SEC proposes Regulation Best Execution

Bonds

The Securities and Exchange Commission has proposed a new Regulation Best Execution that would establish a best execution standard, mandating that dealers in any transaction with a customer or a customer of another broker-dealer use reasonable diligence to determine the best market for the security and buy or sell so that the price is as favorable as possible.

The SEC commissioners voted 3-2 during the SEC’s Open Meeting on Wednesday to propose the regulation and solicit public comment.

The proposed rule, while applicable across equity and fixed income markets, would seem to have little impact on the municipal securities market as Municipal Securities Rulemaking Board Rule G-18 already established a best execution order for the muni market in 2015. The Financial Industry Regulatory Authority also has its own best execution rule for equity and fixed income markets that was developed in tandem with G-18, leading some dealer advocates question the need for the SEC to take this step.

“I haven’t seen any indication from the regulators that the MSRB best execution rule isn’t providing significant enough protections for individual investors with respect to municipal bond transactions or that it isn’t working,”  said Michael Decker, senior vice president for research and public policy at Bond Dealers of America. “Based on what I’ve seen so far, it looks like they haven’t really made a strong case for why this is necessary, especially given that there are already FINRA and MSRB best execution rules on the books.”

The proposal would require broker dealers to establish, maintain and enforce written policies and procedures reasonably designed to comply with the best execution standard and therefore would require the written materials to detail how they’re complying and how they will determine the best market and make routing or execution decisions on behalf of customers.

Broker-dealers that are engaged in conflicted transactions, that is, where a broker-dealer executes an order as principal, routes an order to or receives an order from affiliate for execution or provides or receives payment for order flow would now be required to document their compliance with the best execution standard and any arrangement in connection with payment for order flow.

They would also be required to review quarterly the execution quality of their customer transaction, compare it with the execution quality might have been obtained from other markets and revise accordingly their best execution policies and procedures including handling practices, and document the results of the review, the proposed rule sheet said.

It would also require broker-dealers to review annually their best execution policies and procedures, document such reviews and prepare and present written reports of the review to their board of directors and equivalent governing bodies.

The proposed rule would exempt a broker-dealer when another broker-dealer is executing a customer order against the broker-dealer’s quotation, when an institutional customer, exercising independent judgment, executes its order against the broker-dealer’s quotation or when “the broker dealer receives an unsolicited instruction from a customer to route its order to a particular market for execution and the broker-dealer processes that customer’s order promptly and in accordance with the terms of the order,” the proposed rule said.

It also provides an exemption for “introducing brokers” from complying if they “establish, maintain, and enforce policies and procedures that require them to regularly review the execution quality obtained from their executing broker, compare it with the execution quality they might have obtained from other executing brokers, and revise their order handling practices accordingly,” the proposed rule said.
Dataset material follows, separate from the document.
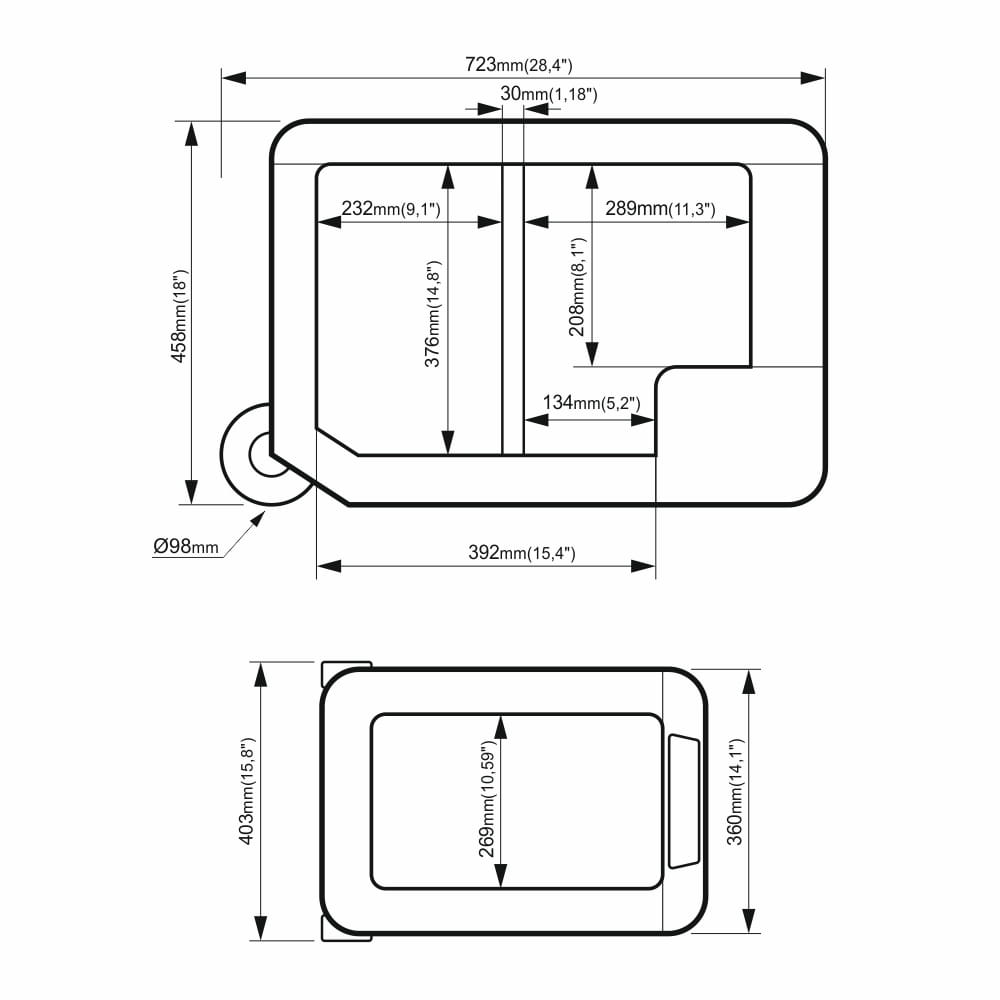 Lodówka kompresorowa Yeticool TX50 GREY - wymiary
Introducing brokers would then be required to document the results of the review.

The proposal would amend Exchange Act Rule 17a-4 to require broker-dealers to maintain records in connection with Regulation Best Execution.

“The U.S. equity markets are incredibly efficient and resilient and investors, especially retail investors, have the greatest ease of access, lowest cost of trading and best execution in history,” said Kenneth Bentsen, president and chief executive officer of Securities Industry and Financial Markets Association.

Bentsen added that the SEC should take great care in its approach, and allow an adequate time for comments on this and other proposals put forth by the SEC Wednesday.